G7 agree on cooperation to prevent animal diseases

Tokyo, April 24 (IANS) The agriculture ministers of the G7 countries agreed on Sunday to deepen cooperation to combat diseases that affect livestock by creating a system to rapidly exchange information on cases of this kind.

Ministers from Japan, Canada, Germany, Italy, the US, Britain and France issued a joint statement during the G7 ministerial meeting, which began on Saturday in Niigata, northeastern Japan.

During the meeting, which focused on strategies to ensure food safety amid a rising global population, the ministers also stressed the need to attract a young workforce into the agricultural sector and take measures to reduce the effects of climate change on food production, EFE news reported.

Agricultural production must be increased by 60 percent by 2050 to feed a global population that will reach approximately 9.2 billion, according to the forecast of the UN' Food and Agriculture Organisation.

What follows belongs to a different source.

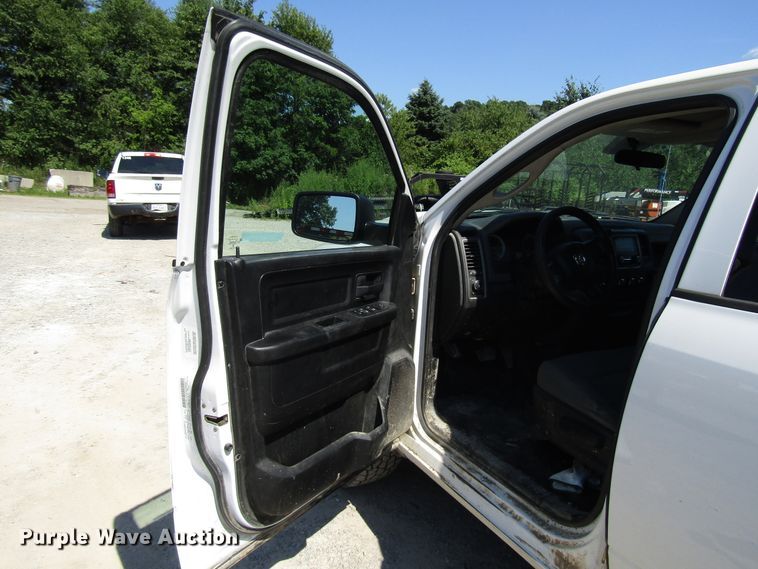 image for item FJ9716 2014 Dodge Ram 1500 Quad Cab pickup truck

In the joint declaration, the ministers of the world's seven most industrialized countries acknowledged the crucial role of the agricultural sector to ensure global food security, particularly in an era of rapid urbanisation, and pledged to jointly tackle the emerging challenges in agriculture.

These actions, they added, will also benefit other countries facing similar challenges.

In particular, they agreed to create an international framework for the exchange of information on animal diseases, aimed at preventing the spread of outbreaks of viral diseases such as bird flu and foot-and-mouth.

This system will also allow closer cooperation to address the increased resistance to antibiotics that bacteria are developing as a result of excessive use of these medicines in livestock.

The ministers also agreed to hold a separate meeting dedicated to the aging of the agricultural workforce later this year in which developing countries will also be invited to participate.

The two-day meeting in Niigata is the first of its kind since the one held in 2009 in the Italian city of Treviso by the G8 -- before Russia was excluded from the group -- to discuss the rise in prices of agricultural products.

The conclusions of the meeting are expected to be discussed in the upcoming meeting of the world's most industrialised countries, which will be held in the Ise-Shima National Park in central Japan on May 26 and 27.